En este tiempo, he sido blanco de ataques desde diversos ángulos políticos, y en ningún momento he optado por responder de manera personal. La crítica, en mi perspectiva, es una herramienta esencial para el crecimiento y la mejora. Si uno no puede manejarla de manera constructiva, quizás debería replantearse su posición en la esfera pública, especialmente en el ámbito político.
Es curioso observar cómo algunos abogados políticos en Santo Domingo Este reaccionan de manera visceral frente a las críticas, tomando cada señalamiento como un ataque personal.

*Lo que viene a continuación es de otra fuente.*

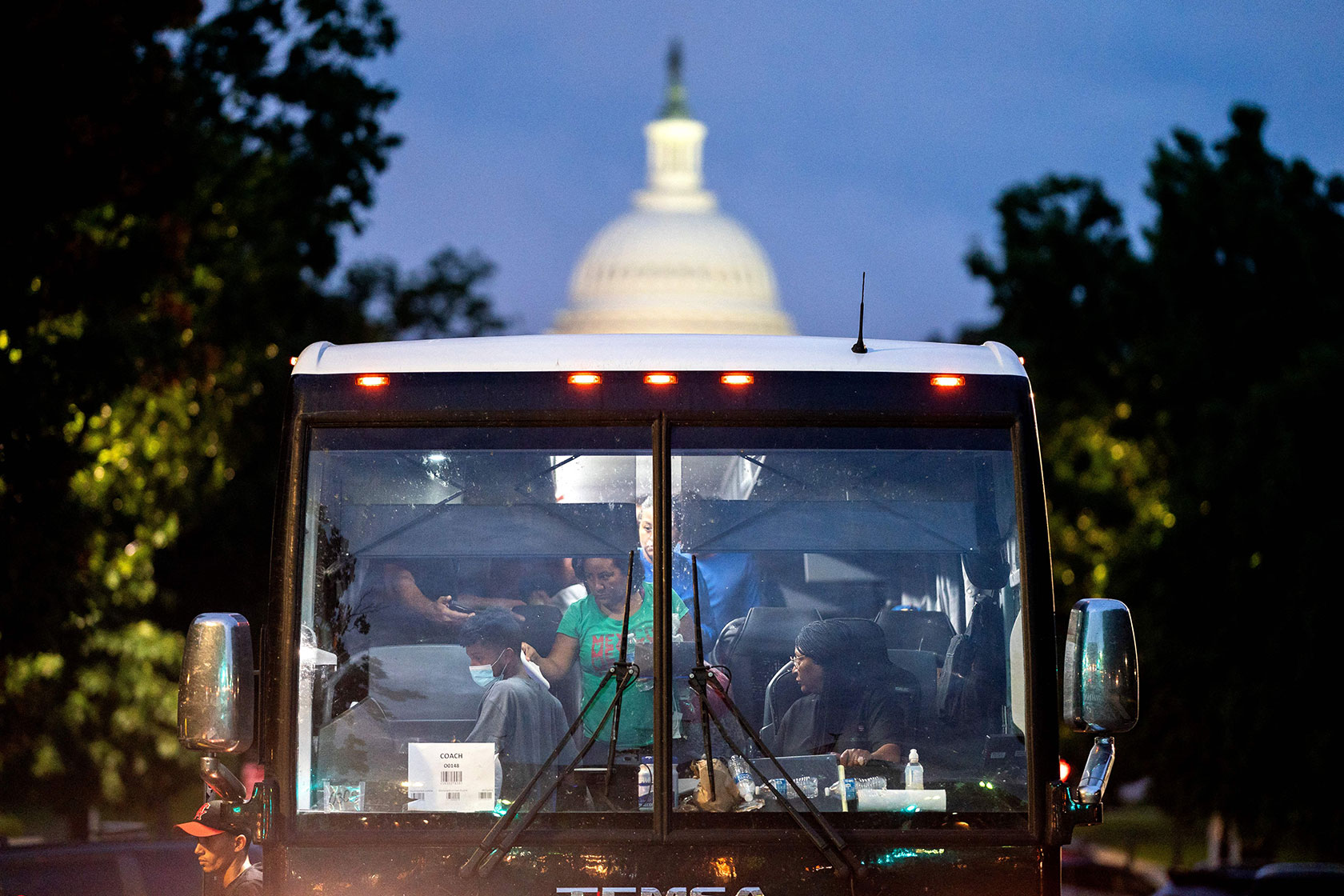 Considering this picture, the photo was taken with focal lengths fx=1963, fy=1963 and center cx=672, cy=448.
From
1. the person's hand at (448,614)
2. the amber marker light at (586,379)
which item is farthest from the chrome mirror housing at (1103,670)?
the person's hand at (448,614)

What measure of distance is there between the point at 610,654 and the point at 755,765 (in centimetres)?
53

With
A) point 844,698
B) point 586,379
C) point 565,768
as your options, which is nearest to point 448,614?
point 565,768

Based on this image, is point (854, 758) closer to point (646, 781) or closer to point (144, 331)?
point (646, 781)

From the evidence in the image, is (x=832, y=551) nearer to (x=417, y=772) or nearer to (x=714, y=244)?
(x=417, y=772)

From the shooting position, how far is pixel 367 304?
5041 cm

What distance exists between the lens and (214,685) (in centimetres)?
543

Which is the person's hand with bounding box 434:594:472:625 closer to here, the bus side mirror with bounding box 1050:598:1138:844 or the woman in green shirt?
the woman in green shirt

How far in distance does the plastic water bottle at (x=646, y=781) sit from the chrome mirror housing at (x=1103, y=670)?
47.1 inches

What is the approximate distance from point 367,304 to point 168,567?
26429mm

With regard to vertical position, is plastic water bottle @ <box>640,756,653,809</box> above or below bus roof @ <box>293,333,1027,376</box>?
below

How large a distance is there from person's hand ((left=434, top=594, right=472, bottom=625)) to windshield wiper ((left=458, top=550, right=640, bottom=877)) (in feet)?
1.49

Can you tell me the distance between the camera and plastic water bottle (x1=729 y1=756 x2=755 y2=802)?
5.61 metres

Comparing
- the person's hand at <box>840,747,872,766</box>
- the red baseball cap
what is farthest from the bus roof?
the red baseball cap

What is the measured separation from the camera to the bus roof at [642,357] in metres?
5.98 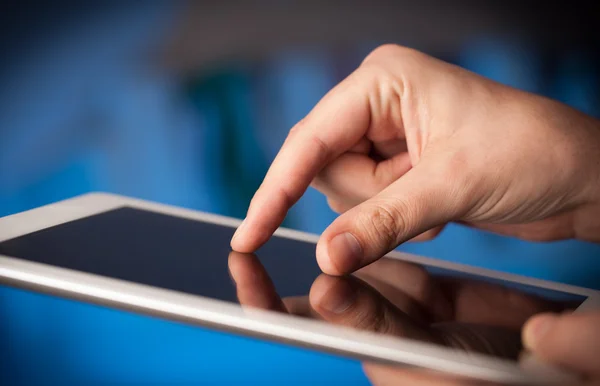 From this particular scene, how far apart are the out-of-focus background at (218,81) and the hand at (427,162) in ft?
1.85

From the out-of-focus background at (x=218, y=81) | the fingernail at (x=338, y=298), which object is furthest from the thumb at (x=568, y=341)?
the out-of-focus background at (x=218, y=81)

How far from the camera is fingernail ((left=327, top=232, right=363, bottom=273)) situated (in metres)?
0.68

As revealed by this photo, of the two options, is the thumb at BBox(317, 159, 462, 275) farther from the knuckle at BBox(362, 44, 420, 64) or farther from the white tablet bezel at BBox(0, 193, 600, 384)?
the knuckle at BBox(362, 44, 420, 64)

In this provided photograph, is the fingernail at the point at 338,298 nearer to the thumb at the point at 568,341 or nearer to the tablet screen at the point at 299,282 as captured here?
the tablet screen at the point at 299,282

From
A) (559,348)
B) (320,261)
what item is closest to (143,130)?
(320,261)

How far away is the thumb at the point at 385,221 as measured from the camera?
686 mm

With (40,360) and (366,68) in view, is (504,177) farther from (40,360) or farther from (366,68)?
(40,360)

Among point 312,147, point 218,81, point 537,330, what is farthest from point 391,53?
point 218,81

Parecen olvidar que, al decidir entrar en la arena política, están aceptando someterse al escrutinio público. Es una paradoja que aquellos encargados de defender la ley a veces parecen incapaces de aceptar que ellos también están sujetos a la rendición de cuentas.
Resulta sorprendente cómo algunos abogados políticos creen tener carta blanca para agredir e intimidar a las personas, y cuando son señalados, en lugar de reflexionar sobre sus acciones, amenazan con llevar a los críticos ante la justicia. Esta actitud solo refuerza la percepción de que algunos actores políticos se consideran por encima de las normas que deberían regir para el bien común.
Cabe destacar que, ya sea para bien o para mal, en mi ejercicio como Comunicador Social siempre he procurado decir la verdad. La verdad puede ser incómoda, pero es un pilar fundamental para el progreso y la transparencia en cualquier sociedad. La crítica política, lejos de ser un ataque personal, es un llamado a la reflexión y a la mejora continua. Si usted es político y le sirve el sombrero póngaselo.
Finalmente, la tolerancia a la crítica es esencial para cualquier persona que haya decidido asumir un rol público, especialmente en el ámbito político. Si la crítica se percibe como un ataque personal, se pierde la oportunidad de aprender y evolucionar. La sociedad espera y merece líderes que no solo defiendan sus ideas, sino que también estén dispuestos a escuchar y aprender de las opiniones divergentes.